Looking at the projected data by domain is relatively uninformative. We can see that the domain of biology is most tightly packed around the center, with math forming a looser packing, which we can interpret to mean that there is more variability in the readability of papers in math as compared to biology. The rest of the domain are disperse in a way that means that we can’t glean much about these domains comparatively. We notice that the less readable papers are comprised of physics and computer science papers. However, there is not much weight to this tail along the diagonal, so it is hard to say much about this.
A bit more interesting of a distinction can be made when we look at the projected data by year of publication. While we still only see a large blob centered around mean readability, we can see that papers published before roughly 1990-2000 are more tightly packed than papers published after 2000. This means that overtime, the readability of scientific papers has not necessarily increased or decreased, but has become much more variable; papers span a much wider range on the readability spectrum than they did 20 years ago.

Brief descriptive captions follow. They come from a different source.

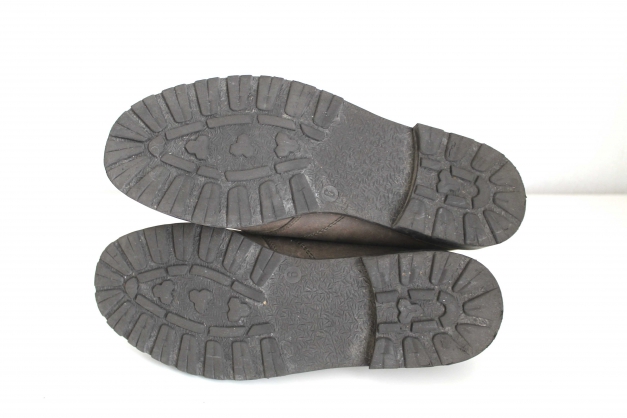 -- Lederschnürer -- Original Hush Puppies Lederboots Braun Gr. 39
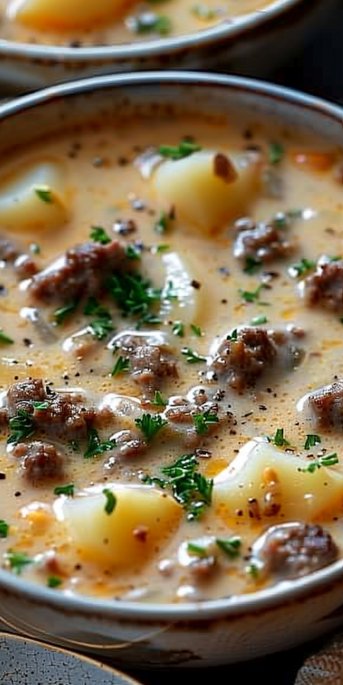 Easy Cheesy Hamburger Potato Soup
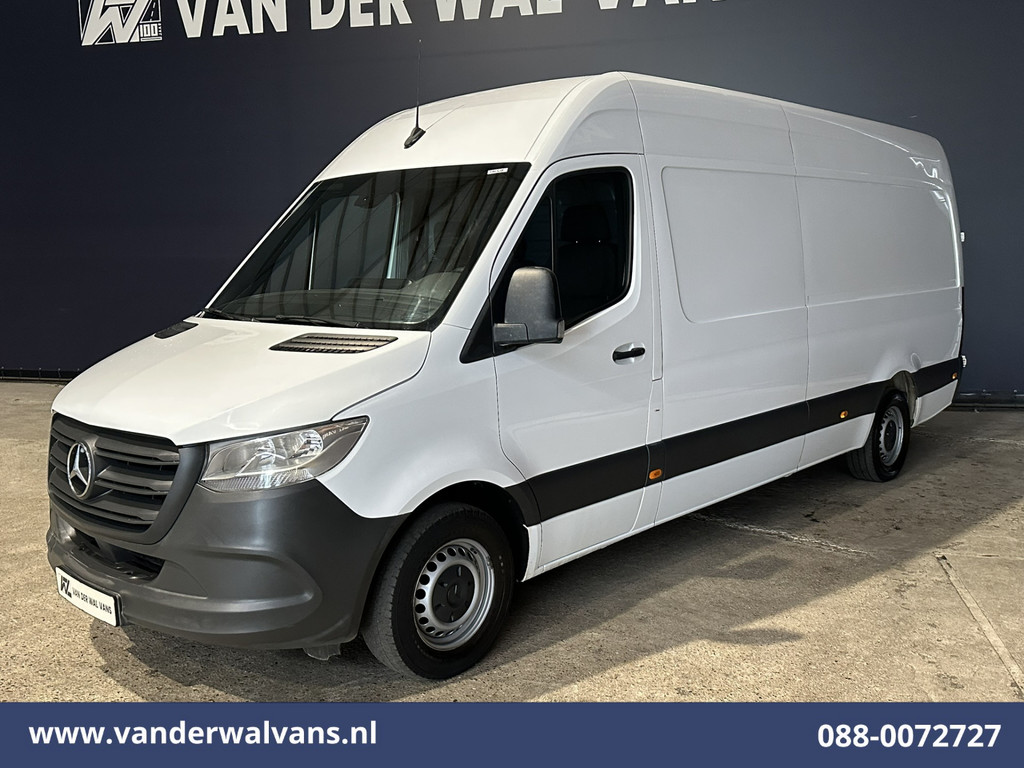 Mercedes-Benz Sprinter 316 CDI 164pk L3H2 Euro6 Airco | 360 Graden Camera | Apple Carplay | Cruiscontrol Android Auto, Chauffeursstoel, Stoelverwarming, 270gr. Achterdeuren, Bijrijdersbank 12
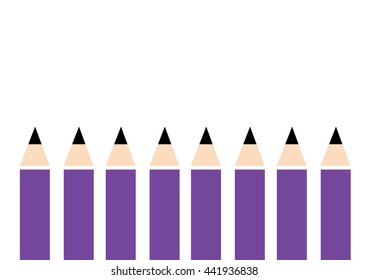 color pencil background vector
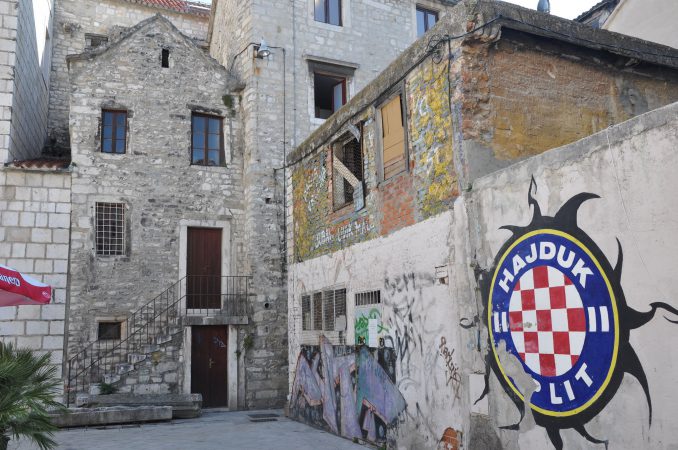 Hajduk Split Mural, Croatia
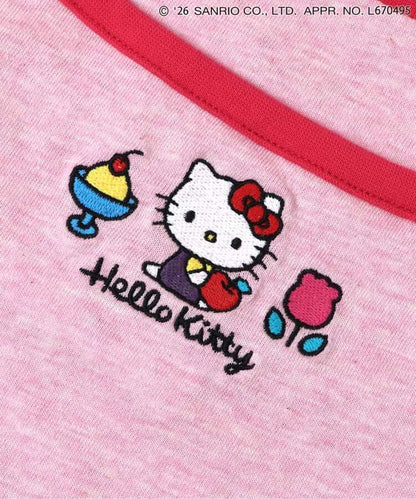 日本童裝 BREEZE x Sanrio 假兩件上衣 90-140cm 女童款 夏季 TOPS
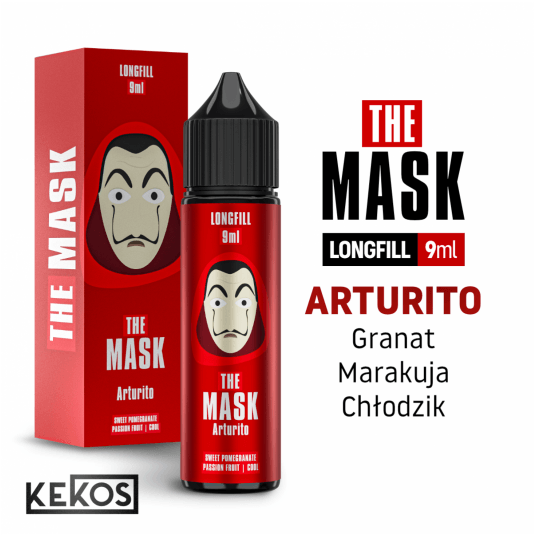 Longfill The Mask 9/60ml Arturito - Sweet pomegranate Passion fruit Cool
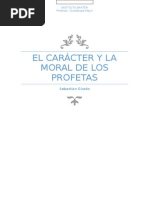 El Carácter y La Moral de Los Profetas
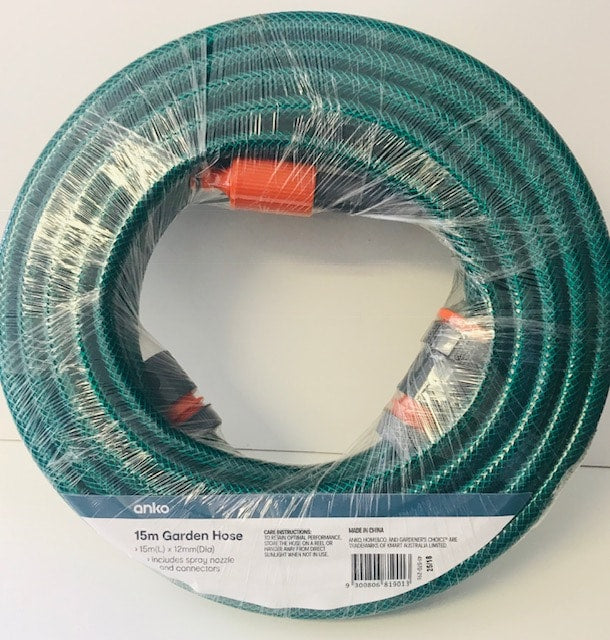Anko 15m Garden Hose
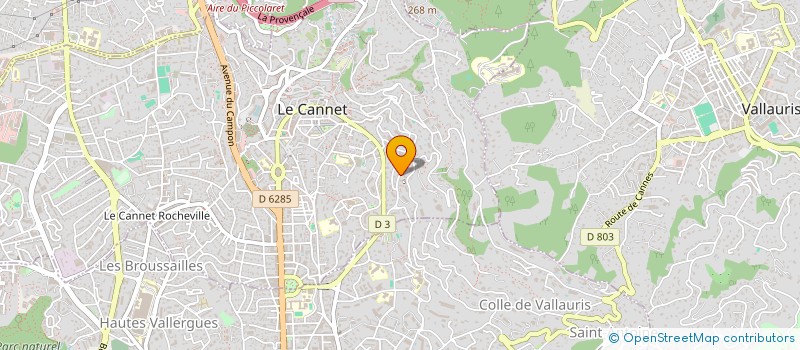 localisation de l'entreprise CTIM JARDINS DE SHALIMAR à LE CANNET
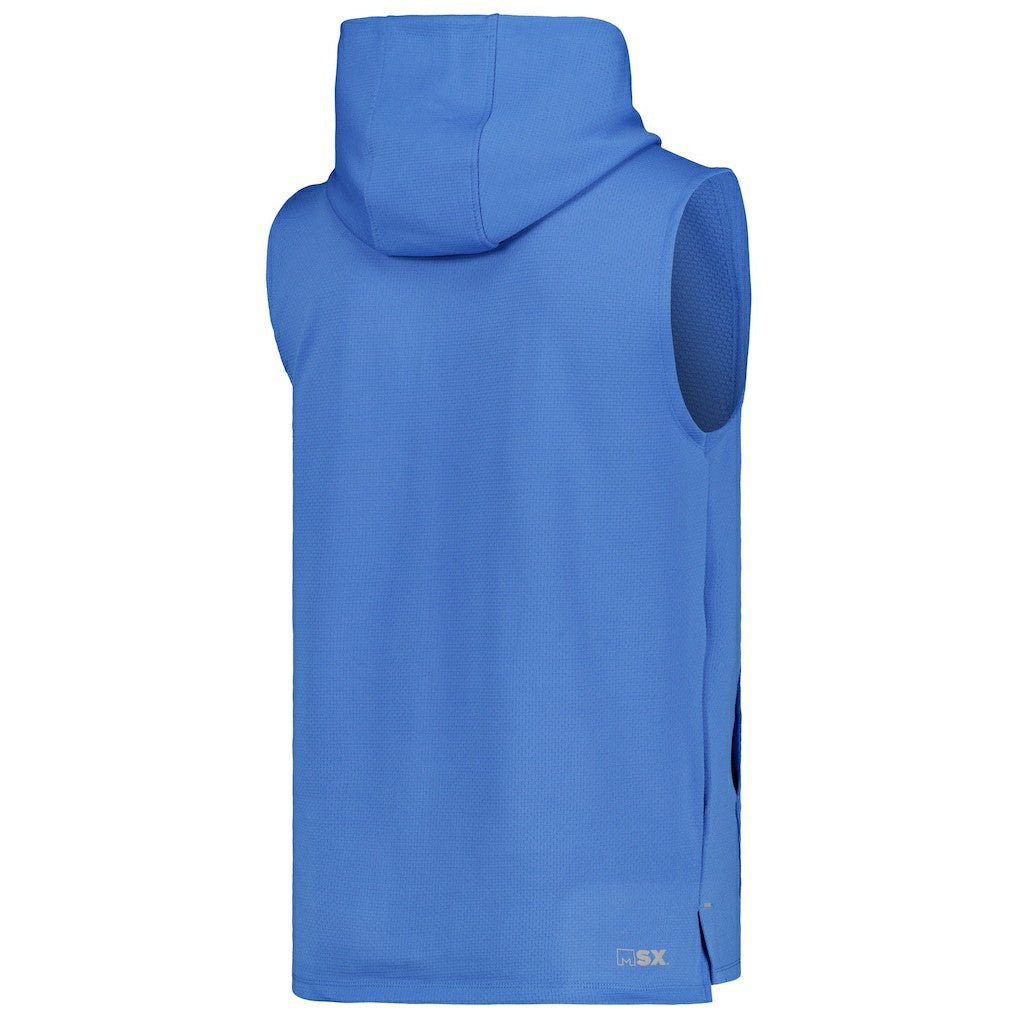 Los Angeles Chargers MSX by Michael Strahan Marathon Sleeveless Pullover Hoodie - Powder Blue - NFL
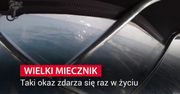 Złowił wielkiego miecznika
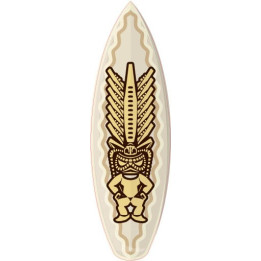 Tiki Planche de surf hibiscus autocollant sticker adhesif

Informally, papers haven’t gotten easier to read or harder to read since the 90’s, the readability of papers has become a more extreme crapshoot.
Removing domain specific words yielded two somewhat surprising results.
On further consideration, these results are not too surprising because the readability scores (aside from the Dale-Chall) calculate readability using non-semantic metrics such as sentence length, character count and word count. By removing n words, regardless of whether it was domain specific or random, we affected both the character count and the word count.
Ultimately, our experimentation with applying readability metrics to scientific papers defy our expectations and anecdotal examples: readability does not seem to have increased or decreased over the last 30 years and further, there doesn’t necessarily seem to be one discipline that “does” readability better than others. Instead, we found that readability of scientific papers has become more varied over time. This perhaps makes sense, given the proliferation of venues for papers and the volume and variety of research being conducted now versus 30 years ago.
However, we also feel that our experimentation has demonstrated that to a certain extent, existing readability metrics lack the nuance and complexity to identify readability of research papers. As discussed above, all of these reading metrics identified that our papers were above a college reading level (which is to be expected), with little relevance existing at the varying levels of scores above a college reading level. Our experimentation with removing words from text shows that these metrics lack a means of identifying semantic importance of certain text features such as stop words. This experimentation has lead us to conclude that readability metrics need more semantic awareness in order to compare and understand readability of scientific documents.
Sooo you could say we found nothing or someone’s PhD thesis…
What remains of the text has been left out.